The head of state pointed out that Gazprom supplies the EU with 140 billion cubic meters of gas annually, but this year the amount decreased by 10 percent. Meanwhile, Norway supplies 110 billion cubic meters of gas.
Oettinger said that each prime minister and president has a duty to protect state-owned companies, but Russian leader Vladimir Putin should understand that the energy giant Gazprom has to play by “our rules.” The energy commissioner says that there is nothing exceptional, because not only Russia, but all players in the EU market must follow the same standards.

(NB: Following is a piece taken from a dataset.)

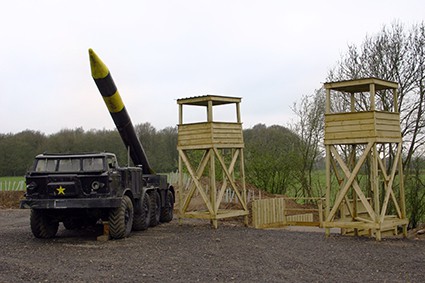 Scud missile beside two towers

“Everyone recognizes our rules, the suppliers from Algeria, Norway, and Qatar,” says Oettinger.
On Sept. 4, the European Commission launched an official antitrust investigation on Gazprom regarding three allegedly anti-competitive practices in Central and Eastern Europe. It expressed its concern about a possible abuse of Gazprom’s dominant market position by restricting the free flow of gas across member states, preventing diversification of supply, and pricing gas unfairly by linking gas prices to oil prices. The investigation centers on Gazprom’s use of long-term contracts to lock in prices that are tied to that of oil - a policy that often leaves its supplies far more expensive than those available on the open market.

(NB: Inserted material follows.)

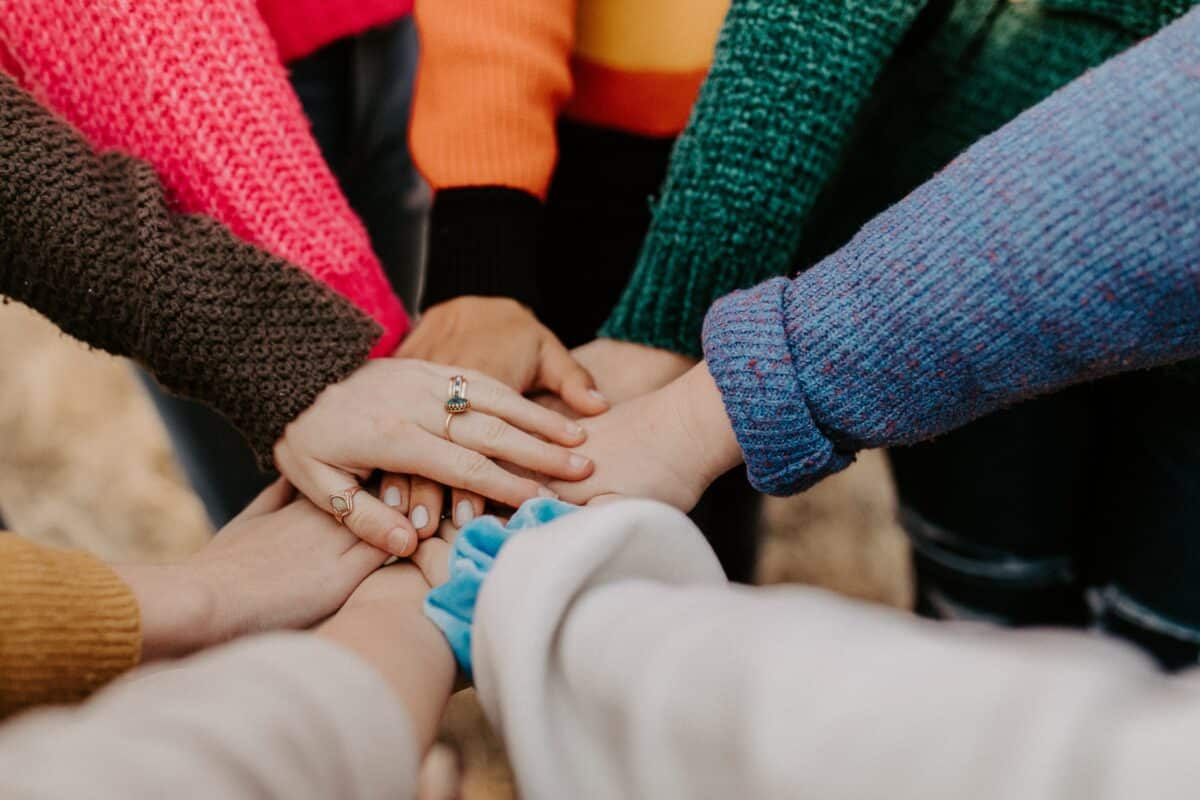 Multiple parent volunteers hands piling into one stack in a teamwork fashion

Oettinger says that Russia is the EU’s most important partner in the energy sector, therefore the EU is willing to continue developing relations with energy giant Gazprom. However, he says that the antitrust investigation that the European Commission launched is not directed against Gazprom, it is aimed to ensure the same conditions for all market participants.

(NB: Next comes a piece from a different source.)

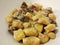 Gnocchi with champignons, cream and bacon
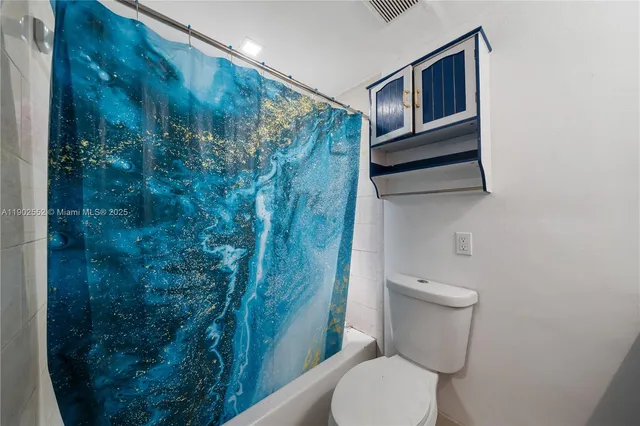 a white toilet sitting next to a shower curtain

Objectives in the energy sector can be attained only if the Baltic region engages in close cooperation, added Oettinger. “The goal of Europe is to ensure a safe energy supply. These goals can only be achieved via close regional cooperation. Therefore, we must get mobilized. I am happy that today we have an opportunity to continue discussions on this issue. We must find a way which would allow us to succeed in our goals via regional initiatives,” he said at the conference.
Help from Brussels

In Friday’s meeting with Oettinger, Lithuanian President Dalia Grybauskaite thanked the European Commission for daring to launch the investigation into Gazprom’s monopolistic position. The president says that the EU’s support is essential to Lithuania when it comes to implementing the Third Energy Package.
Grybauskaite stressed that the goal of Lithuania to turn into an energy-independent country has become an interest of the entire EU. At the EC’ss initiative, the new financial framework of the EU suggests substantial funding to build new electricity and gas links. They are necessary not only for the purpose of reducing energy dependence: building energy infrastructure will also contribute to the economic growth in Europe.

Besides Lithuania, the countries allegedly affected by Gazprom’s practices are Bulgaria, the Czech Republic, Estonia, Hungary, Latvia, Poland and Slovakia.
“Vladimir Putin knows very well, and has to accept certainly, our European internal market rules,” Oettinger added, underlining that with 500 million people, the EU was a crucial customer for Gazprom.